WhatsApp : le Bureau européen des unions de consommateurs porte plainte contre les nouvelles règles d'utilisation
Crédit photo © Reuters

(Boursier.com) — Après avoir provoqué une crise de confiance pour une partie des utilisateurs à l'annonce en début d'année des nouvelles conditions d'utilisation, WhatsApp est désormais visé par une plainte d'une fédération d'associations de consommateurs issues de plusieurs pays européens.

Le Bureau européen des unions de consommateurs (Beuc), et huit de ses organisations membres, dont l'UFC-Que Choisir, ont déposé une plainte ce lundi auprès de la Commission européenne et du réseau européen des autorités de protection des consommateurs contre WhatsApp "pour de multiples violations des droits des consommateurs de l'UE", peut-on lire dans un communiqué publié ce lundi.

Depuis plusieurs mois, le service de messagerie appartenant à Facebook "fait indûment pression sur ses utilisateurs pour qu'ils acceptent ses nouvelles conditions d'utilisation et sa politique de confidentialité. Pourtant, ces termes ne sont ni transparents ni compréhensibles pour les utilisateurs", explique la fédération d'associations de consommateurs issues de plusieurs pays européens.

Des notifications "persistantes, récurrentes et intrusives"

En début d'année, l'application avait en effet informé ses quelque 2 milliards d'utilisateurs qu'ils devaient consentir à de nouvelles conditions d'utilisation, impliquant plus de partages de données avec sa maison-mère Facebook et ses différentes entités. Face au tollé, WhatsApp avait alors décidé de décaler la mise en oeuvre de ces nouvelles règles au 15 mai dernier.

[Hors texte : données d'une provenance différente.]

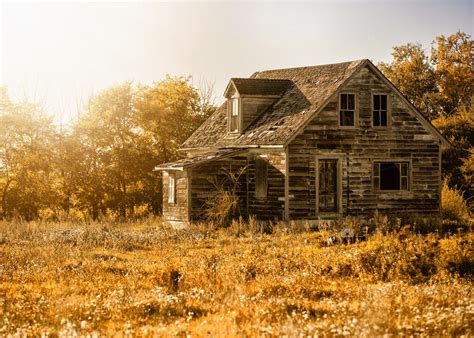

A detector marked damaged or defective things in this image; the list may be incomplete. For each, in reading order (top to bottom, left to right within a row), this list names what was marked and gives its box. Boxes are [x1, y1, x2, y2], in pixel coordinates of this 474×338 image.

broken window [340, 93, 356, 127]
broken window [372, 162, 410, 191]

Le Beuc explique que la plainte porte d'abord sur les notifications "persistantes, récurrentes et intrusives", qui pousseraient ainsi les utilisateurs à accepter la mise à jour. "Le contenu de ces notifications, leur nature, leur calendrier et leur récurrence exercent une pression indue sur les utilisateurs et portent atteinte à leur liberté de choix. En tant que tels, ils constituent une violation de la directive européenne sur les pratiques commerciales déloyales", dénonce-t-il.

Une "ambiguïté"

La fédération évoque également "l'opacité des nouvelles conditions", estimant que le service de messagerie n'a "pas expliqué dans un langage clair et intelligible la nature des changements" et des conséquences "pour leur vie privée, notamment en ce qui concerne le transfert de leurs données personnelles à Facebook et à d'autres tiers".

"Cette ambiguïté constitue une violation du droit de la consommation de l'UE qui oblige les entreprises à utiliser des clauses contractuelles et des communications commerciales claires et transparentes",

Le Beuc a appelé "les autorités de protection des données à accélérer leurs enquêtes" et le réseau européen des autorités chargées de la protection des consommateurs et le réseau des autorités chargées de la protection des données "à travailler en étroite coopération sur ces questions"...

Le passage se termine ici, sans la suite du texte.